La Vall de Boí es uno de los rincones más impresionantes del Pirineo catalán. Situada en el corazón de los Pirineos y rodeada por algunas de las montañas más emblemáticas del Parque Nacional de Aigüestortes y Estany de Sant Maurici, es una tierra de valles glaciares, lagos de alta montaña y crestas que parecen diseñadas para el trail running. Durante miles de años, los glaciares modelaron este paisaje dejando tras de sí circos, aristas y valles que hoy convierten la zona en uno de los grandes paraísos de montaña de la península ibérica.
La carrera que nos esperaba era exigente: unos 24 kilómetros y alrededor de 2.300 metros de desnivel positivo concentrados en una distancia relativamente corta. Una auténtica prueba de estilo sky running, donde la montaña apenas concede tregua y donde gran parte del recorrido se desarrolla en terrenos técnicos y de alta montaña.
Sin embargo, aquel día había un protagonista inesperado.
La niebla.

Desde primeras horas de la mañana las nubes habían decidido instalarse sobre las cumbres y, conforme ascendíamos, el paisaje desaparecía poco a poco detrás de una cortina blanca cada vez más espesa.
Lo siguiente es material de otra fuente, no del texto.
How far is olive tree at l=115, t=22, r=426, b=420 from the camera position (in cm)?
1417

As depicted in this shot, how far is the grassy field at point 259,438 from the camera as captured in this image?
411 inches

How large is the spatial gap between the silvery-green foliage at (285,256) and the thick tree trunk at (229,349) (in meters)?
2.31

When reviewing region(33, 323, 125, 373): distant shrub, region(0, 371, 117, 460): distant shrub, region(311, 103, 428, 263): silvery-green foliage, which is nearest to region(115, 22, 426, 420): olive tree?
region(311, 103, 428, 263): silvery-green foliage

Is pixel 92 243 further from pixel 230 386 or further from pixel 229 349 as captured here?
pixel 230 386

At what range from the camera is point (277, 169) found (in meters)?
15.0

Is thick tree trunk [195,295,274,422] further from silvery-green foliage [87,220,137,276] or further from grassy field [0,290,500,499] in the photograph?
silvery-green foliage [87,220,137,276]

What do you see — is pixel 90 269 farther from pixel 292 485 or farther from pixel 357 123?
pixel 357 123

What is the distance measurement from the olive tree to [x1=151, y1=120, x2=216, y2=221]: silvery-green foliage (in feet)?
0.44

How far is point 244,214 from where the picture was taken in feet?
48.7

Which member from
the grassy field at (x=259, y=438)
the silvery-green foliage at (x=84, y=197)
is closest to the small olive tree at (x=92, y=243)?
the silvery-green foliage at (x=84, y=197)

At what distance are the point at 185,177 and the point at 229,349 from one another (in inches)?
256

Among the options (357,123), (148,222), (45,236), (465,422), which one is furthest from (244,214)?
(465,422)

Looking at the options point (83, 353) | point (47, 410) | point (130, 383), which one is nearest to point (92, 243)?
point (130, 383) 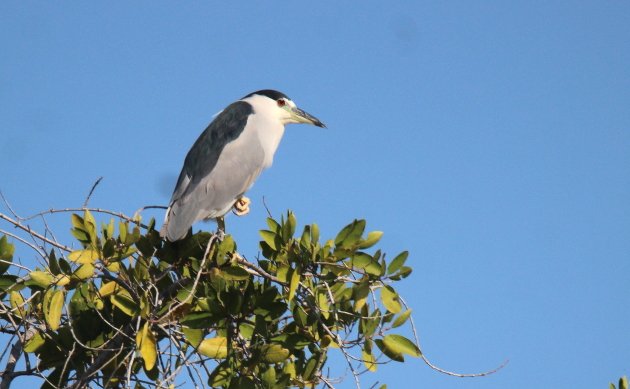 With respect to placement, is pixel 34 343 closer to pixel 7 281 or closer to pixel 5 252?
pixel 7 281

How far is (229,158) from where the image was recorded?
4.23m

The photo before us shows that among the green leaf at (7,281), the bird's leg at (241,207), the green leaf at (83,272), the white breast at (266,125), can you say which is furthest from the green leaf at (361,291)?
the white breast at (266,125)

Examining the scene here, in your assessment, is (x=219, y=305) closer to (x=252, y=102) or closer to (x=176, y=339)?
(x=176, y=339)

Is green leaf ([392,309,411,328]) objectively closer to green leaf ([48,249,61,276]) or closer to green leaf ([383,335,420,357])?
green leaf ([383,335,420,357])

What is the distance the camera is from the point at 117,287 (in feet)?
8.75

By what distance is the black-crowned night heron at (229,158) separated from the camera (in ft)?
13.0

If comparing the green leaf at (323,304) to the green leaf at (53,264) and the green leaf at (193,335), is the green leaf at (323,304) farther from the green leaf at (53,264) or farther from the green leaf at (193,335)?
the green leaf at (53,264)

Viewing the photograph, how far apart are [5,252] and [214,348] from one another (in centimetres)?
79

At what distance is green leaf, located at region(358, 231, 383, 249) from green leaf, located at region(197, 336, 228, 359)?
1.78ft

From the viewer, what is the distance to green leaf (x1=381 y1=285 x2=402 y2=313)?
251 centimetres

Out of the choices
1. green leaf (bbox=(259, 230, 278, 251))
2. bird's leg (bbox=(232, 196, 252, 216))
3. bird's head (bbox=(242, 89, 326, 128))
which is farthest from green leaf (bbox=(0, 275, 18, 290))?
bird's head (bbox=(242, 89, 326, 128))

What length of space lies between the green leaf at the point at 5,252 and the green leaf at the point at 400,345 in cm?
128

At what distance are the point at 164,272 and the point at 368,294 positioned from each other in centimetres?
70

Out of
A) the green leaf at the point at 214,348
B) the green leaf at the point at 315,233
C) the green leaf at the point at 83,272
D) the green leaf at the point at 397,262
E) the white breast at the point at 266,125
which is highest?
the white breast at the point at 266,125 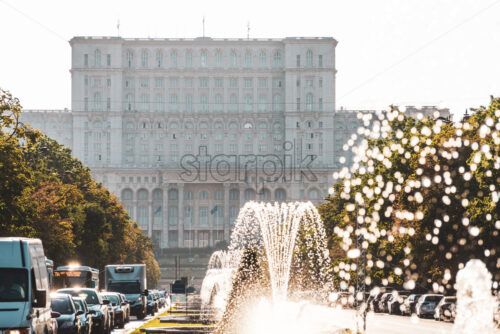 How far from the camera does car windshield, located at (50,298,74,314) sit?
2752cm

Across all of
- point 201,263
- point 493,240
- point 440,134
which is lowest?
point 201,263

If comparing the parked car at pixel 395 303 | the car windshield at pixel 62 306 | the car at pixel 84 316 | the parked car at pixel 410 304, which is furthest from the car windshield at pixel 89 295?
the parked car at pixel 395 303

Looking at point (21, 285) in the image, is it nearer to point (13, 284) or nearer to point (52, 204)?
point (13, 284)

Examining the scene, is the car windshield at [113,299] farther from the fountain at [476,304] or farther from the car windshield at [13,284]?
the fountain at [476,304]

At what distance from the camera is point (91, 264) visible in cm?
7700

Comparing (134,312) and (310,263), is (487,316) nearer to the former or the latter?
(134,312)

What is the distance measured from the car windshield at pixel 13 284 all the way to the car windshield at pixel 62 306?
6881 mm

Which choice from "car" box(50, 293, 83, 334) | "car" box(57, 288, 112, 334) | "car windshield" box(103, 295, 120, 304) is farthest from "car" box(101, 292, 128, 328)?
"car" box(50, 293, 83, 334)

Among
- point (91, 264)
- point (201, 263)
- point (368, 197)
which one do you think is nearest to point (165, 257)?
point (201, 263)

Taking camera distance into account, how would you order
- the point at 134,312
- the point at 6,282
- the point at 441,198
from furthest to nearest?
1. the point at 134,312
2. the point at 441,198
3. the point at 6,282

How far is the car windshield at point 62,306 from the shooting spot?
27516 millimetres

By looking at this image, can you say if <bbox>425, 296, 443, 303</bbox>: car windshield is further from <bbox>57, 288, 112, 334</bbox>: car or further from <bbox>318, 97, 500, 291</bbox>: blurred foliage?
<bbox>57, 288, 112, 334</bbox>: car

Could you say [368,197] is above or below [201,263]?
above

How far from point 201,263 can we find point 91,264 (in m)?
107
Hubo momentos en los que apenas podíamos distinguir a los corredores que avanzaban veinte metros por delante.
Y resulta curioso, porque una de las grandes señas de identidad de esta carrera son precisamente las vistas. La cresta superior ofrece panorámicas espectaculares sobre el Pirineo, con montañas extendiéndose en todas direcciones hasta perderse en el horizonte. Sin embargo, aquel día la montaña decidió guardarse el espectáculo para sí misma.
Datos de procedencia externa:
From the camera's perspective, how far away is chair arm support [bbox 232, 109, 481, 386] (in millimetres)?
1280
Normalmente podría parecer una decepción.
Pero no lo fue.
Porque hay días en los que el paisaje importa menos que las sensaciones.
Y aquel fue uno de ellos.
Me encontré corriendo con una ligereza difícil de explicar. Las piernas respondían, el cuerpo funcionaba y la mente estaba tranquila. No había presión. No había expectativas. Solo el placer de moverme por la montaña. Durante buena parte del recorrido llevé una sonrisa en la cara, disfrutando de cada subida, de cada tramo técnico y de cada conversación compartida con otros corredores.
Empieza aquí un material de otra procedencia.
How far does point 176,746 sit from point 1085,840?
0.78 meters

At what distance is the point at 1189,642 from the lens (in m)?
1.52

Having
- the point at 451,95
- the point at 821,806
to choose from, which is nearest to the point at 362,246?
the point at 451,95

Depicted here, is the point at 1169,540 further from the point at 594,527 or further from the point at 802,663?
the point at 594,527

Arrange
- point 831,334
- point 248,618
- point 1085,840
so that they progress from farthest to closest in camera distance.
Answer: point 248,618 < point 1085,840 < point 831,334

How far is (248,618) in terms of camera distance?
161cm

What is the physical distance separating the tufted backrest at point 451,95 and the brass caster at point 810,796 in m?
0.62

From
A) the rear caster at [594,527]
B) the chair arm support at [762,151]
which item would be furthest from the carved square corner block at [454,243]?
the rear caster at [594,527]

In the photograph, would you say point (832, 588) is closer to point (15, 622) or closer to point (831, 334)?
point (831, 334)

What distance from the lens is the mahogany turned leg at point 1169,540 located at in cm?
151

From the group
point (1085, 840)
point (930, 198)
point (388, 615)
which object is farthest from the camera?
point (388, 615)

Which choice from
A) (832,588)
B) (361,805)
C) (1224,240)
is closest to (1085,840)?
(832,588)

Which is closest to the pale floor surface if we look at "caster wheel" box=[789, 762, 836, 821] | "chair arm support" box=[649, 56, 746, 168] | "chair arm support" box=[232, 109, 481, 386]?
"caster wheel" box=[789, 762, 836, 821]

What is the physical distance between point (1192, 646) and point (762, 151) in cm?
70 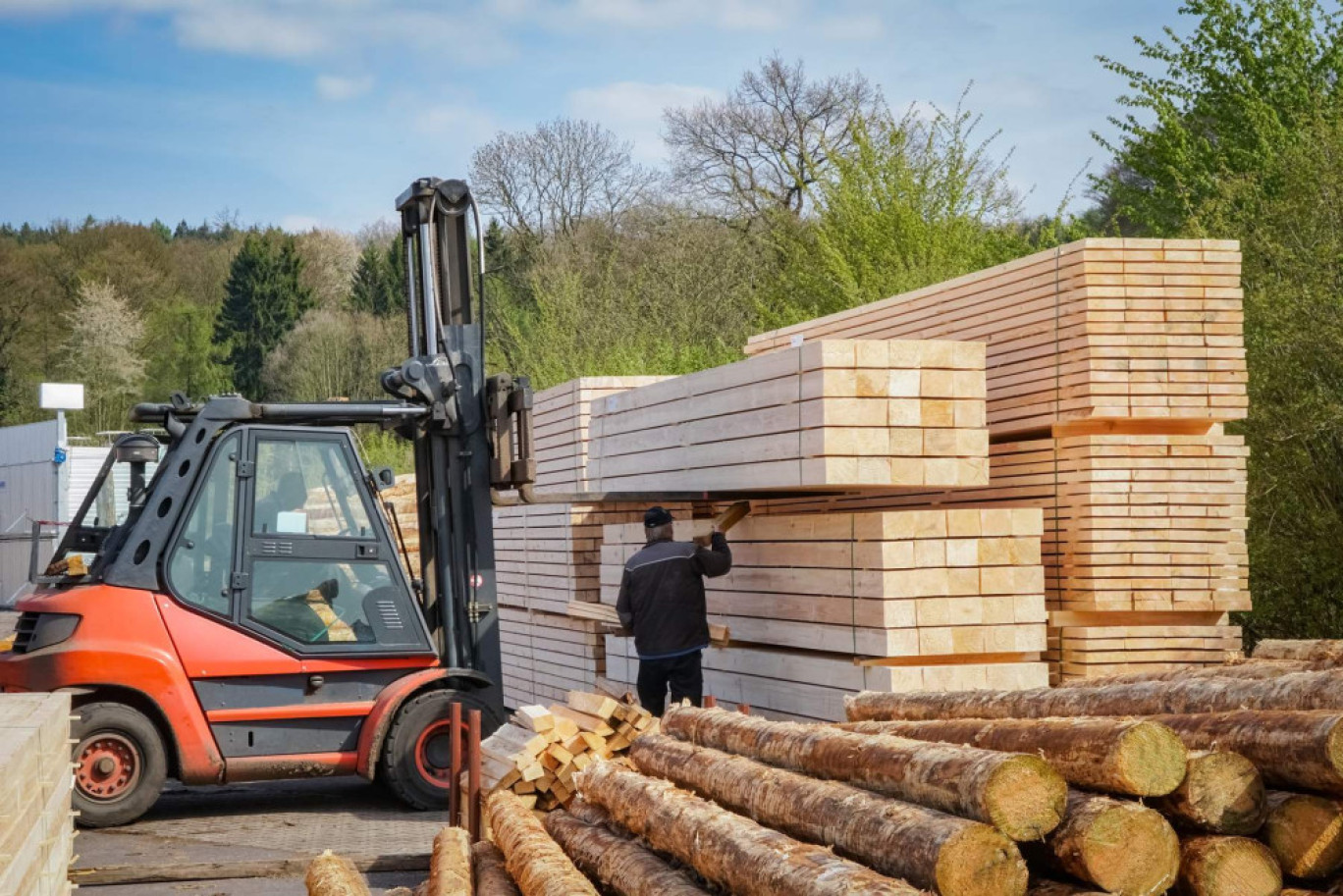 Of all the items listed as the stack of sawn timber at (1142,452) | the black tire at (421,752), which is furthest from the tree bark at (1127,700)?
the black tire at (421,752)

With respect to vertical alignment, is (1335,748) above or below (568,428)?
below

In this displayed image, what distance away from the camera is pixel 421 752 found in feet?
29.6

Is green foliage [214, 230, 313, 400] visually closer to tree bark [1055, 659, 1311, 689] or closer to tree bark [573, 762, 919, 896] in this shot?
tree bark [573, 762, 919, 896]

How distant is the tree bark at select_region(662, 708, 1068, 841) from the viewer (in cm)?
429

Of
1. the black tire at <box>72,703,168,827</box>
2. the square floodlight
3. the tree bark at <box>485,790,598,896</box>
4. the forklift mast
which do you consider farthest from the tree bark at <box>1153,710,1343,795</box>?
the square floodlight

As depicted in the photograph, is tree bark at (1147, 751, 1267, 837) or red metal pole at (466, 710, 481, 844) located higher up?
tree bark at (1147, 751, 1267, 837)

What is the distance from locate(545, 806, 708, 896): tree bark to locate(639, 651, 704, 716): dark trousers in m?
2.52

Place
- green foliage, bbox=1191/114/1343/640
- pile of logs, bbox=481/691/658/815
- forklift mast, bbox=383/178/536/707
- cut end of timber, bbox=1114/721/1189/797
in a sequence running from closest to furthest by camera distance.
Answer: cut end of timber, bbox=1114/721/1189/797 < pile of logs, bbox=481/691/658/815 < forklift mast, bbox=383/178/536/707 < green foliage, bbox=1191/114/1343/640

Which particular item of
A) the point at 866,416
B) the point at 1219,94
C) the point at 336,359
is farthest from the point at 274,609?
the point at 336,359

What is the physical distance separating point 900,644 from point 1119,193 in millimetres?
15015

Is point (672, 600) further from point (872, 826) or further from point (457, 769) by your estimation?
point (872, 826)

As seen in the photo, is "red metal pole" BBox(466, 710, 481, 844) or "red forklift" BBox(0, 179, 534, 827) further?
"red forklift" BBox(0, 179, 534, 827)

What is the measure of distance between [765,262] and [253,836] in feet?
75.2

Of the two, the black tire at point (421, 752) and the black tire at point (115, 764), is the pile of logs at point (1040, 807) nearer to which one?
the black tire at point (421, 752) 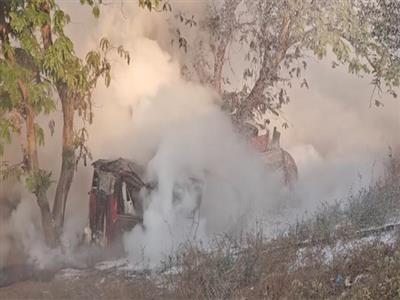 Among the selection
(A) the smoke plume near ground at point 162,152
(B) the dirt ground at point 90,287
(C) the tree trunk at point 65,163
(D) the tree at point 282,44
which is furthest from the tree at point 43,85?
(D) the tree at point 282,44

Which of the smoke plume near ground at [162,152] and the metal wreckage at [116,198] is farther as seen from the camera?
the metal wreckage at [116,198]

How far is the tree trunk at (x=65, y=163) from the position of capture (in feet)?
25.7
A veces buscamos experiencias extraordinarias y olvidamos que la felicidad suele esconderse en cosas mucho más simples. En una carrera donde el cuerpo responde. En una montaña envuelta en niebla. En un fin de semana entre amigos. En la sensación de estar exactamente donde quieres estar.
Quizá por eso recuerdo aquella Garmin Epic Sky con tanto cariño.
No porque fuera la carrera más espectacular que he corrido.
No porque lograra contemplar los paisajes que la han hecho famosa.
Sino porque me recordó algo muy sencillo: que no siempre hace falta ver la cima para disfrutar del camino.
Y, sinceramente, viendo las risas, los momentos compartidos y la energía que se respira en el documental que acompaña esta entrada, creo que la montaña nos regaló exactamente lo que necesitábamos aquel fin de semana.
A veces las nubes también forman parte de la aventura.